One of the ways that people who have survived COVID-19 have been able to help those who are having a rougher time with it is through convalescent-plasma donation. Antibody-filled blood is in dire need and is saving lives. But just don’t try to help if you’re a man who has sex with men: The U.S. Food and Drug Administration’s policy essentially refuses blood donations from gay and bisexual men unless they’ve been celibate for three months.
Artist Jordan Eagles confronts this refusal in a work titled Can You Save Superman? on the Leslie-Lohman Museum of Art’s new website. The project is based on a 1971 Superman comic book, Attack of the Micro-Murderer, in which all the citizens of Metropolis are called on to save their superhero, who had contracted a super-virus, by donating blood. Eagles takes the comic book’s cover and sprays it with the blood of a gay man on PrEP, a daily pre-exposure drug to prevent HIV.

Eagles has been working with blood as an artistic medium since the late 1990s. In 2015, when the FDA first eased its lifetime ban on queer-blood donations to a one-year celibacy requirement (lowered to three months because of the pandemic, in April), Eagles made Blood Mirror (2014–16) an actual mirror that showed the reflection of the onlooker through the blood of 59 gay, bi, and trans donors. Though some groups lauded the step in the right direction, to Eagles, the new policy “felt even more discriminatory … in effect saying, ‘Yes, you can donate blood, just as long as you don’t do what makes you gay.’” The concept Eagles calls “blood equality” permeates his work today.

Using this blood for art-making instead of transfusions or treatments, Eagles says, is an utter waste. “This is blood that could have been used for lifesaving purposes if the government’s policy of blood donation was fair,” Eagles told the Cut in 2018 in a video interview about Blood Mirror. “My whole body of work addresses blood as a life force.”

Part of the museum’s Pride Month programming, the show opens June 10, just ahead of World Blood Donor Day. Here, a preview of Can You Save Superman?

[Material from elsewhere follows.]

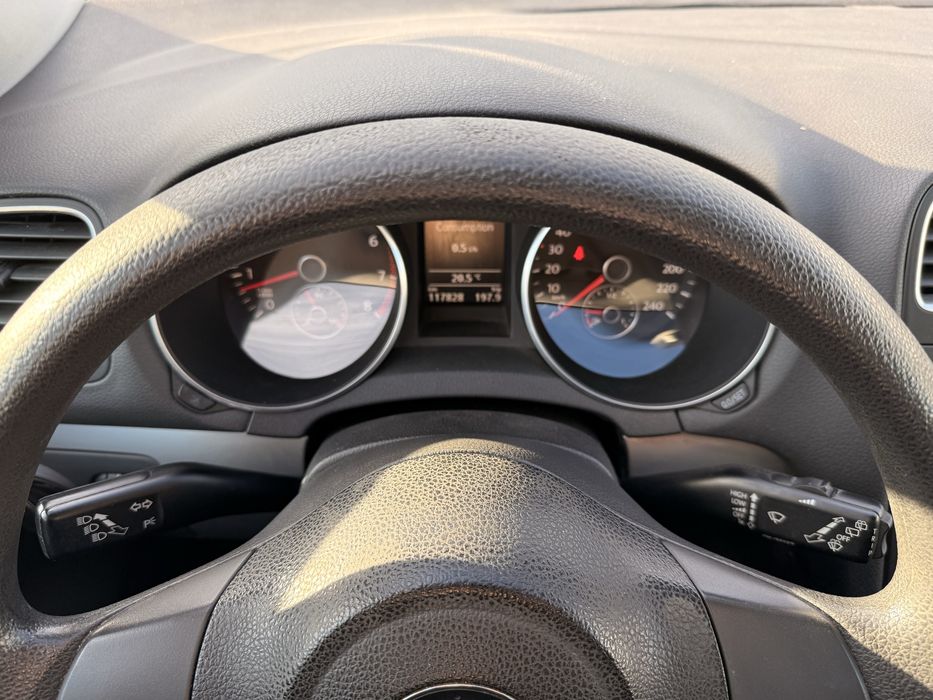 VW Golf 6 1.4 Benzină 80 CP | 117.000 km | Unic Proprietar | Cumpărată de Nouă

American Carnage 6/14, 2018. Photo: Jordan Eagles Studio

In American Carnage 6/14 (2018), Eagles has scanned and blown up the cover image to make a large-form black-and-white print. Blood pools most where it first struck the Dibond aluminum panel, then rolls in an unnatural diagonal toward the ailing Superman. The doctor, almost entirely obscured with blood, says in a speech bubble to a waiting crowd that stretches into the distance, “I warn you donors, as we begin the transfusion, your blood will save Superman or kill him!”

Untitled, 2018. Photo: Kris Graves.
Untitled, 2018. Photo: Kris Graves.

In Untitled (2018), against the black fabric of a delicate display, there’s an original issue of the 1971 comic book itself splattered with blood. Recoiling from the comic book, a needle. IV tubing leads down to a blood bag, mostly full.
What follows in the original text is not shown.